**Directions:** In your answer, print every record exactly as it is written.
(Exercise input begins)
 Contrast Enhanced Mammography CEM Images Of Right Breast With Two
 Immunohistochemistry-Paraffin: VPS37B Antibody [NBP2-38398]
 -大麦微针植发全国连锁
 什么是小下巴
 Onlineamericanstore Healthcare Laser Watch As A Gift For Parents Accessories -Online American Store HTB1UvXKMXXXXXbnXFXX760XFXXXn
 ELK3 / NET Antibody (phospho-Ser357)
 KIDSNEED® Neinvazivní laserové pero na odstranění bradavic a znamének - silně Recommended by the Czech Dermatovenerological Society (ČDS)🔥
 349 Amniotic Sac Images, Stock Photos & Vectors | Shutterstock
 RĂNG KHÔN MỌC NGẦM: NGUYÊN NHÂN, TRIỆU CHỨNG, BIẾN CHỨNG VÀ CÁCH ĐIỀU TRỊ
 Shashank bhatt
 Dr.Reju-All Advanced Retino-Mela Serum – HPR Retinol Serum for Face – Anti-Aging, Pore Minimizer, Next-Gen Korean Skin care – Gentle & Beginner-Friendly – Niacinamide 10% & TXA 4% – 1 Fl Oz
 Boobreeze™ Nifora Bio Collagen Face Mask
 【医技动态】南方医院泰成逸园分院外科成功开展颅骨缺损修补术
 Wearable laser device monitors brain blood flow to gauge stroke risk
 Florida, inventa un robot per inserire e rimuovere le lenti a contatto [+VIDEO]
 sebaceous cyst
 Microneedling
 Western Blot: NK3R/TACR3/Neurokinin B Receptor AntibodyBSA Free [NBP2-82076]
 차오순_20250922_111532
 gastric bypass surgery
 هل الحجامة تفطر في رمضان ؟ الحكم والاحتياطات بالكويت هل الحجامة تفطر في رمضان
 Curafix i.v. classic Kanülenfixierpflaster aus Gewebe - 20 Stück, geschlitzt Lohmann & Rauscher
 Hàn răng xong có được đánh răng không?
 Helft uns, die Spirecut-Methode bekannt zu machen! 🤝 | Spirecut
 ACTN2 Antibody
(Exercise input ends)
**Task result:**
 Contrast Enhanced Mammography CEM Images Of Right Breast With Two
 Immunohistochemistry-Paraffin: VPS37B Antibody [NBP2-38398]
 -大麦微针植发全国连锁
 什么是小下巴
 Onlineamericanstore Healthcare Laser Watch As A Gift For Parents Accessories -Online American Store HTB1UvXKMXXXXXbnXFXX760XFXXXn
 ELK3 / NET Antibody (phospho-Ser357)
 KIDSNEED® Neinvazivní laserové pero na odstranění bradavic a znamének - silně Recommended by the Czech Dermatovenerological Society (ČDS)🔥
 349 Amniotic Sac Images, Stock Photos & Vectors | Shutterstock
 RĂNG KHÔN MỌC NGẦM: NGUYÊN NHÂN, TRIỆU CHỨNG, BIẾN CHỨNG VÀ CÁCH ĐIỀU TRỊ
 Shashank bhatt
 Dr.Reju-All Advanced Retino-Mela Serum – HPR Retinol Serum for Face – Anti-Aging, Pore Minimizer, Next-Gen Korean Skin care – Gentle & Beginner-Friendly – Niacinamide 10% & TXA 4% – 1 Fl Oz
 Boobreeze™ Nifora Bio Collagen Face Mask
 【医技动态】南方医院泰成逸园分院外科成功开展颅骨缺损修补术
 Wearable laser device monitors brain blood flow to gauge stroke risk
 Florida, inventa un robot per inserire e rimuovere le lenti a contatto [+VIDEO]
 sebaceous cyst
 Microneedling
 Western Blot: NK3R/TACR3/Neurokinin B Receptor AntibodyBSA Free [NBP2-82076]
 차오순_20250922_111532
 gastric bypass surgery
 هل الحجامة تفطر في رمضان ؟ الحكم والاحتياطات بالكويت هل الحجامة تفطر في رمضان
 Curafix i.v. classic Kanülenfixierpflaster aus Gewebe - 20 Stück, geschlitzt Lohmann & Rauscher
 Hàn răng xong có được đánh răng không?
 Helft uns, die Spirecut-Methode bekannt zu machen! 🤝 | Spirecut
 ACTN2 Antibody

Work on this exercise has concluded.